» **WHAT IS EXPECTED**
Everything in the listing below must be set down again exactly, apart from the pictures.

» **GIVEN MATERIAL**

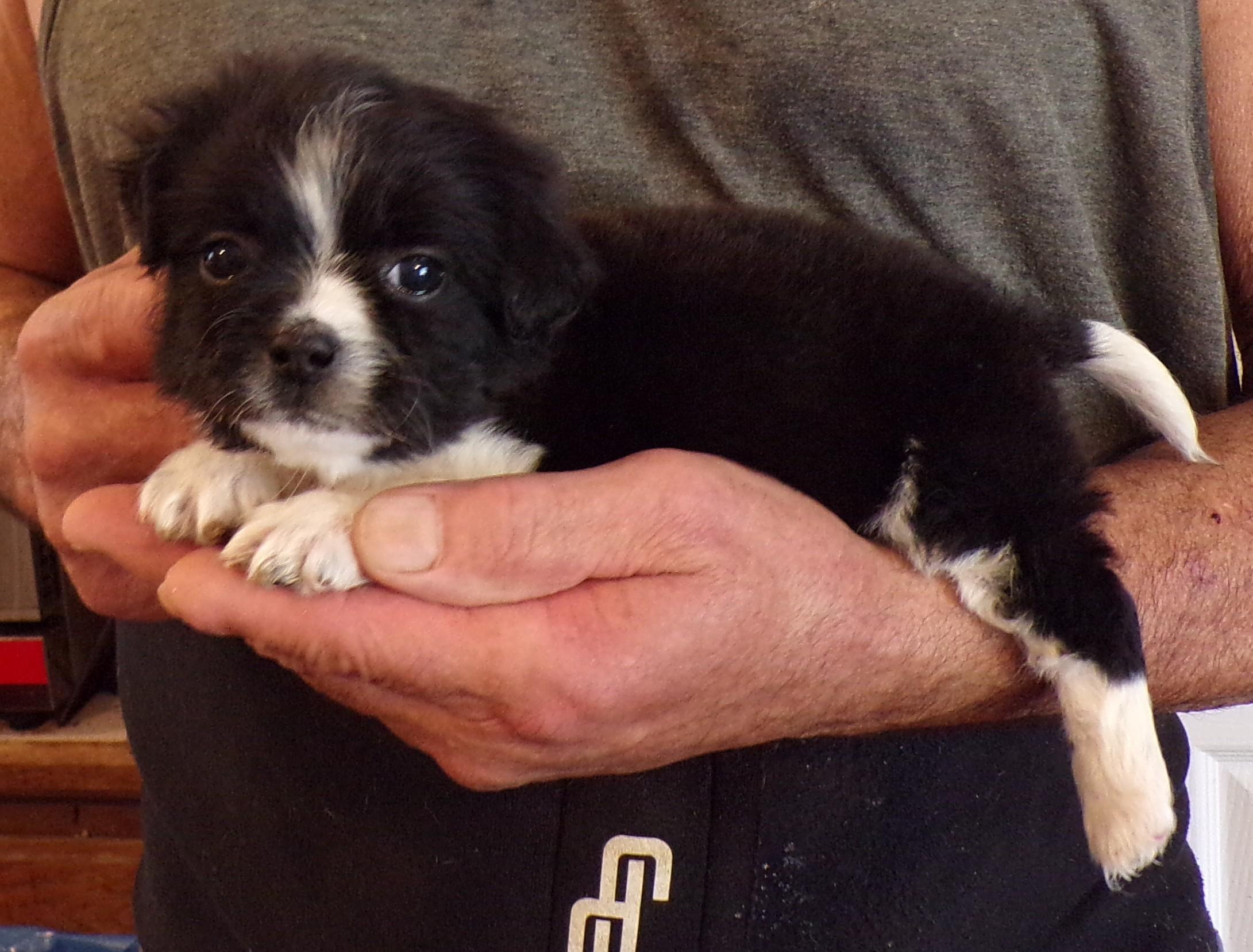 JETT, an adopted mixed breed in Corona, CA image 3/3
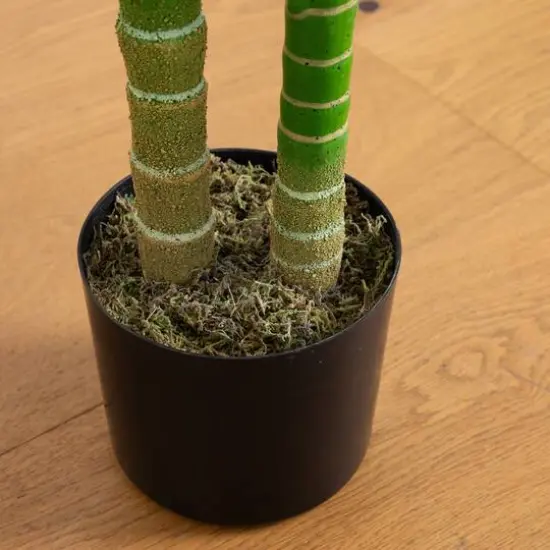 6ft. Potted Double-Stalk Golden Cane Palm Tree {8}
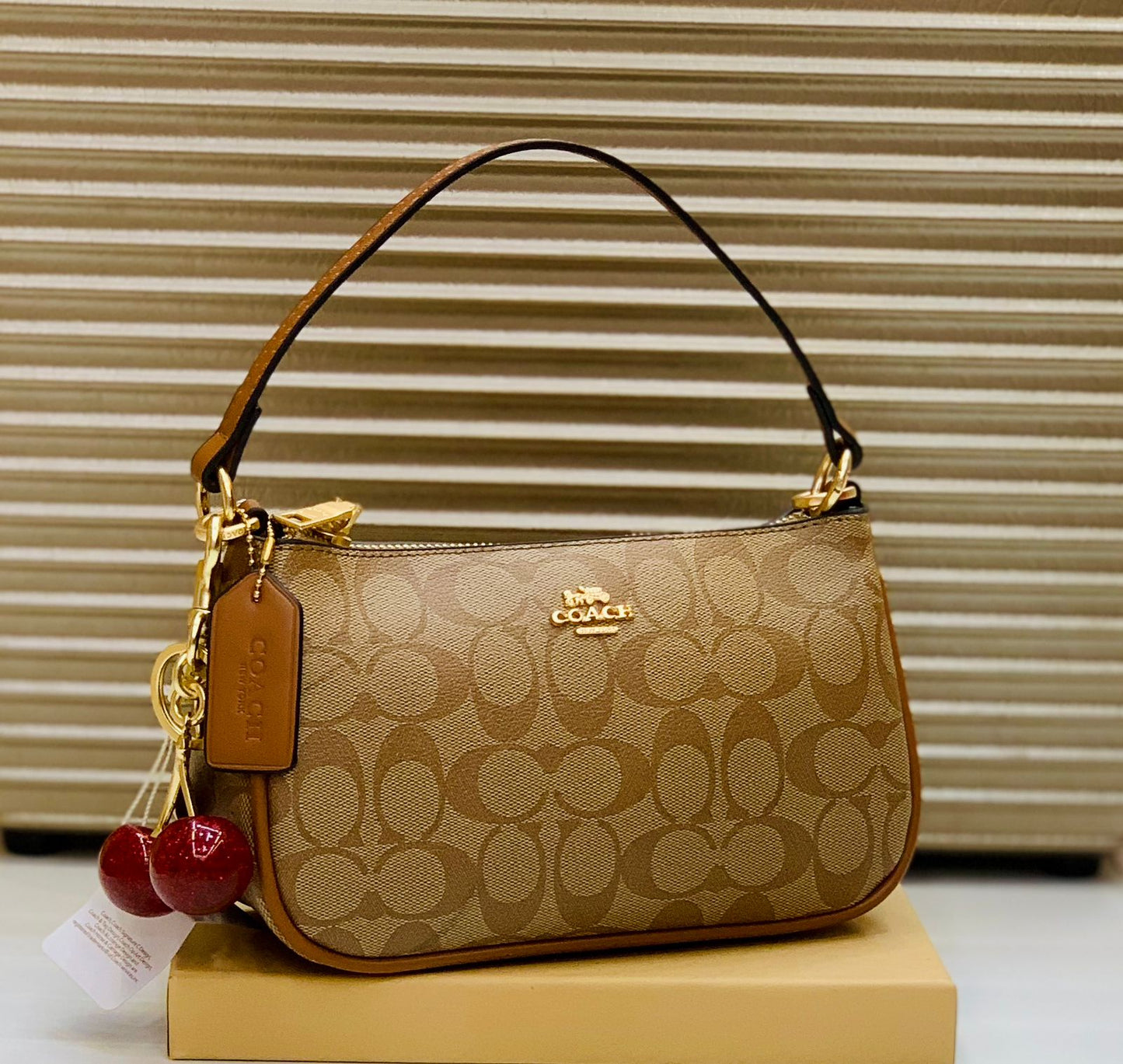 Coach Shoulder Bag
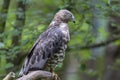 Close-up portrait of European honey buzzard Pernis apivorus also known as Common pern Royalty Free Stock Photo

» **PROBLEM SOLUTION**
 JETT, an adopted mixed breed in Corona, CA image 3/3
 6ft. Potted Double-Stalk Golden Cane Palm Tree {8}
 Coach Shoulder Bag
 Close-up portrait of European honey buzzard Pernis apivorus also known as Common pern Royalty Free Stock Photo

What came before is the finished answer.